• **Records provided**:
════════════════════
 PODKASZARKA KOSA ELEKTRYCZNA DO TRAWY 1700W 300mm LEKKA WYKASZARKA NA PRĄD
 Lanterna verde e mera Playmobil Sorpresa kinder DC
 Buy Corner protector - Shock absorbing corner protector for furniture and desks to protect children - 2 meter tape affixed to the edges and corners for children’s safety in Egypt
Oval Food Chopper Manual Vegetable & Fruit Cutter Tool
════════════════════
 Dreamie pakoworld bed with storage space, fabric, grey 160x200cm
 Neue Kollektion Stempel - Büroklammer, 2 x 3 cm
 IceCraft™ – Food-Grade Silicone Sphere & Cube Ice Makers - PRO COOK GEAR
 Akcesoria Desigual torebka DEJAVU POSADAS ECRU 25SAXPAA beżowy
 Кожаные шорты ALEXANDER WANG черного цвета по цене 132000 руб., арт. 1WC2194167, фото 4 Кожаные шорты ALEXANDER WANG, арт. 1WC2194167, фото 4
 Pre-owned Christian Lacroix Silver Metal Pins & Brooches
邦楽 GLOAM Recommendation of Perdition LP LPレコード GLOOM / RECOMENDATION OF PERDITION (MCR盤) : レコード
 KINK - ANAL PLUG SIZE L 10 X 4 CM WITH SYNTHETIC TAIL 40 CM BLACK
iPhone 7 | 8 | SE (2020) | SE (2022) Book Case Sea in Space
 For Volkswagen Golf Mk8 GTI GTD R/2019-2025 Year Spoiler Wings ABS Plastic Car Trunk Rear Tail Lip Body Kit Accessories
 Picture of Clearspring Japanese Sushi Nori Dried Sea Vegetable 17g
════════════════════
• **Task to carry out**:
Give back the records above exactly, limited to the lines between the one holding "For Volkswagen Golf" and the one holding "Picture of Clearspring", inclusive.

• **Exercise result**:
 For Volkswagen Golf Mk8 GTI GTD R/2019-2025 Year Spoiler Wings ABS Plastic Car Trunk Rear Tail Lip Body Kit Accessories
 Picture of Clearspring Japanese Sushi Nori Dried Sea Vegetable 17g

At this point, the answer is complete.